Insulin resistance—the body’s reduced ability to respond to rises in blood sugar—can lead to heart disease and type 2 diabetes. But, according to a study published in Nutrition & Metabolism, resistant starch (an indigestible carbohydrate) may help women maintain their insulin sensitivity. The double-blind, randomized study included 40 non-diabetic women, aged 22 to 67, with body weights ranging from normal to obese. The study was performed in three, four-week segments with four-week washout periods in between, so that every woman could receive all of the treatments. During each segment, the women received either a daily cookie containing 30 grams of a high-amylose maize resistant starch (HAM-RS2), a daily cookie containing 15 grams of HAM-RS2, or a placebo. After each of the four-week segments, researchers measured the women’s insulin sensitivity using a glucose tolerance test and categorized the women as either insulin resistant or insulin sensitive. Researchers found that:

  • In women who were insulin-resistant at the beginning of the trial, insulin sensitivity increased about 16% more after treatment with the 30-gram resistant starch cookie than with the placebo.

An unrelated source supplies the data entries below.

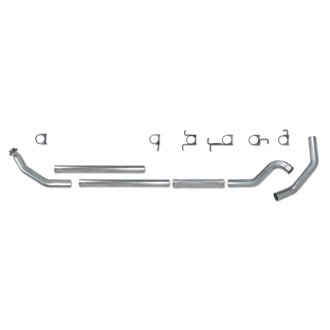 Diamond Eye KIT 4in Turbo Back MFLR RPLCMENT PIPE SGL SS: 98.5-02 DODGE CUMMINS 5.9L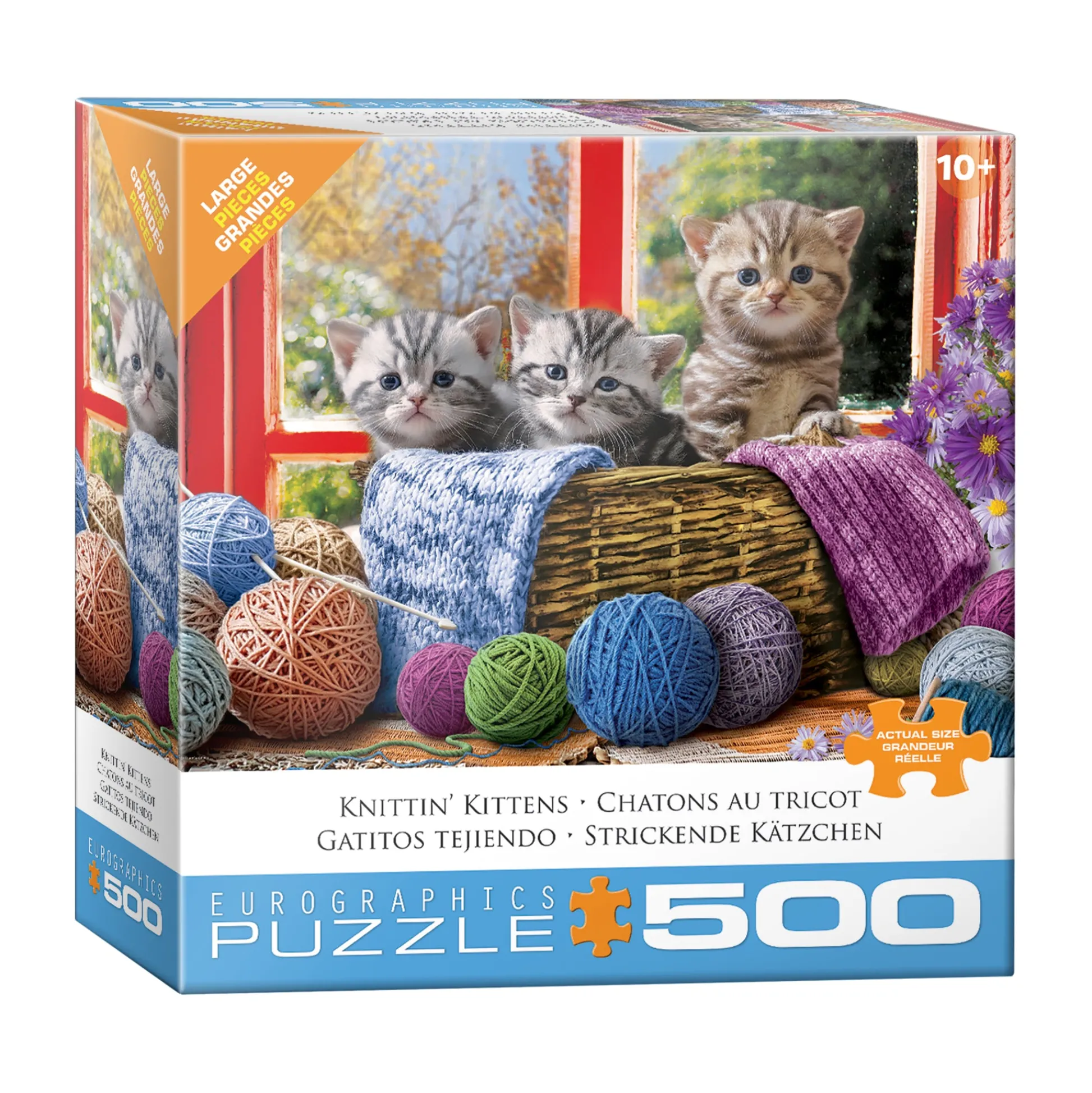 AreYouGame Knittin' Kittens Yarn Adventure Jigsaw Puzzle - 500 pc* Puzzles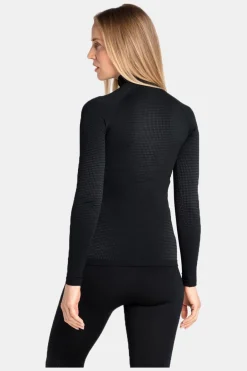 Odlo Performance Warm Eco Turtle Neck Half Zip Basislaagtop Dames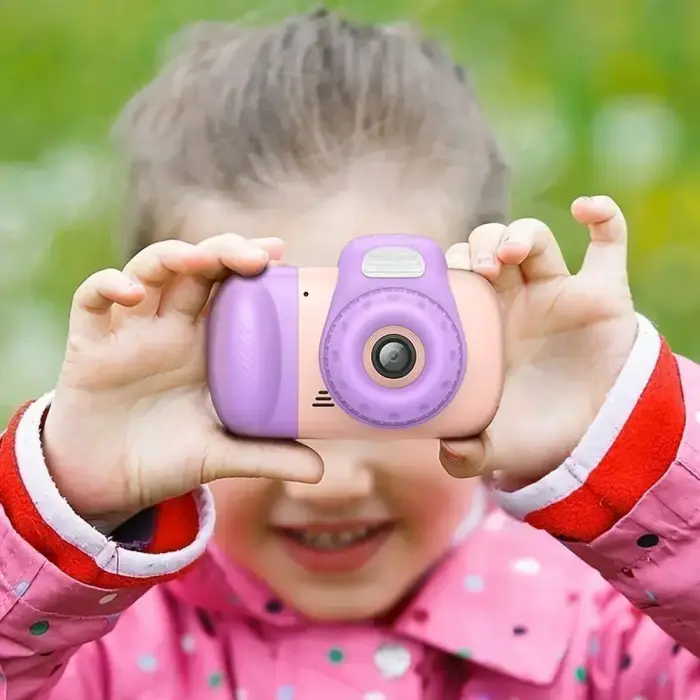 Digital kids camera Hoco 2MP 2,4" Full HD DV201 pink Foto 6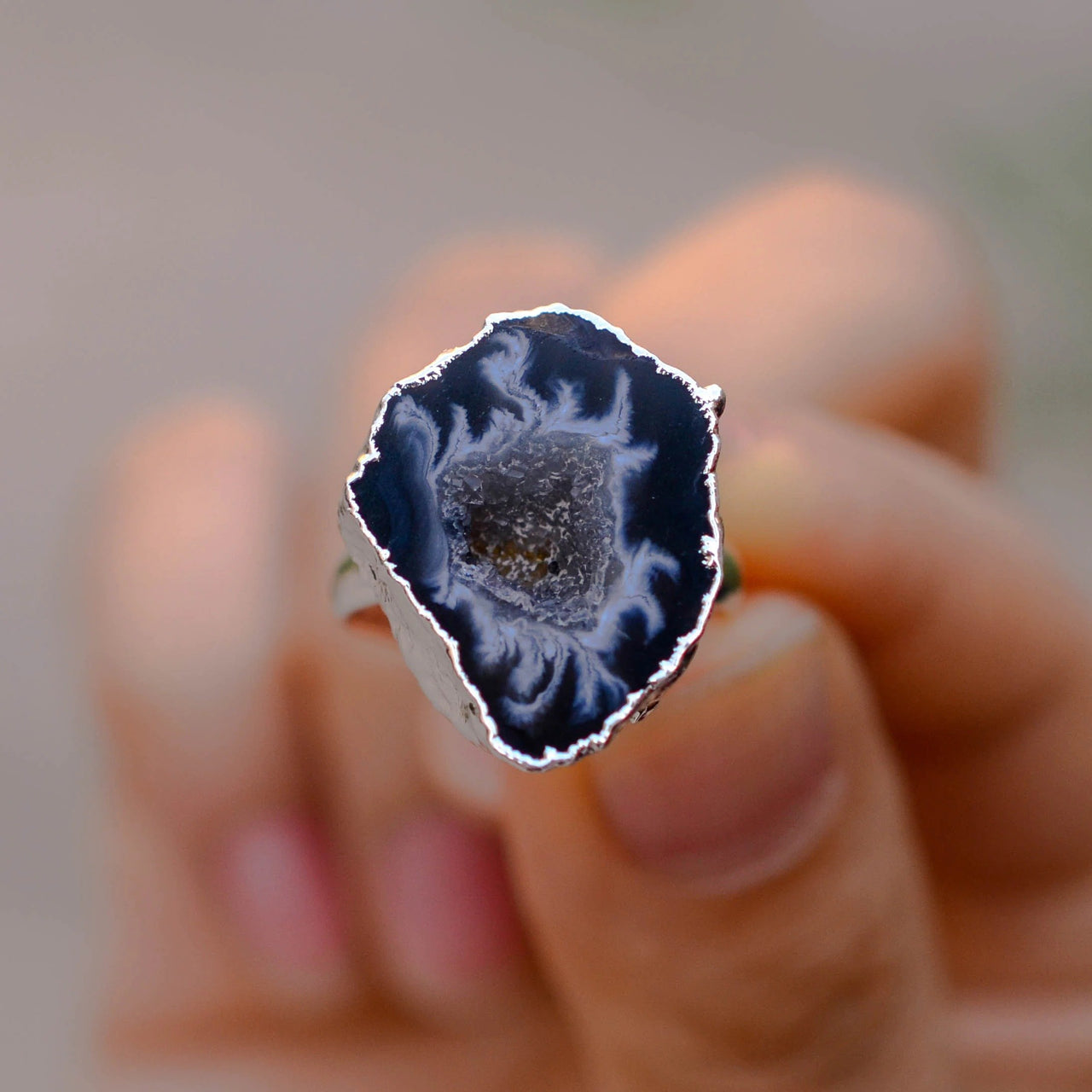 The Life Balanced  Druzy Agate Ring-Your Soul Place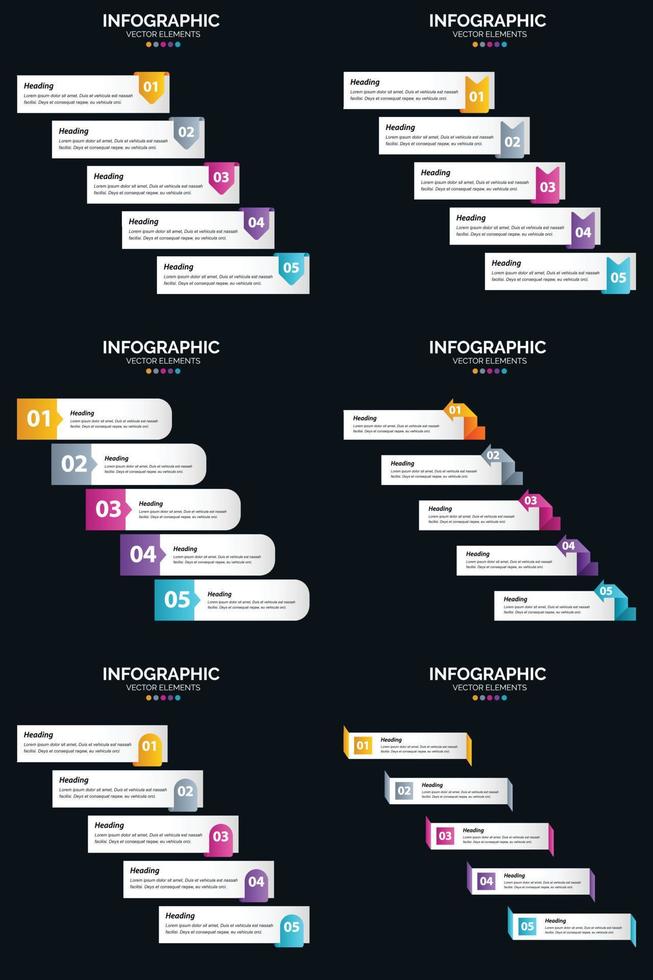 Elevate your presentation with vector infographics and cycle diagrams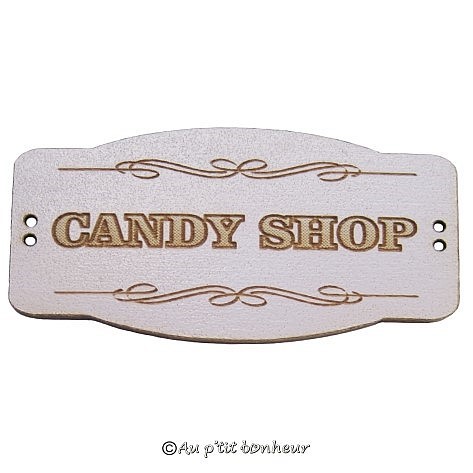 bouton bois candy shop rose enseigne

  • In women who were insulin-sensitive at the beginning of the trial, the resistant starch had no effect on insulin sensitivity.

Insulin resistance can be reversible , and these findings suggest that foods containing resistant starch, such as beans, grains, green bananas, and potatoes—especially if they have been cooled at least once after cooking—may help. Other dietary changes, such as avoiding highly processed carbohydrates, sugary foods, and fried foods, and eating more fruits, vegetables, whole grains, and fish could also make a difference. And don’t discount the power of exercise and weight loss: together, they may help manage or prevent insulin resistance.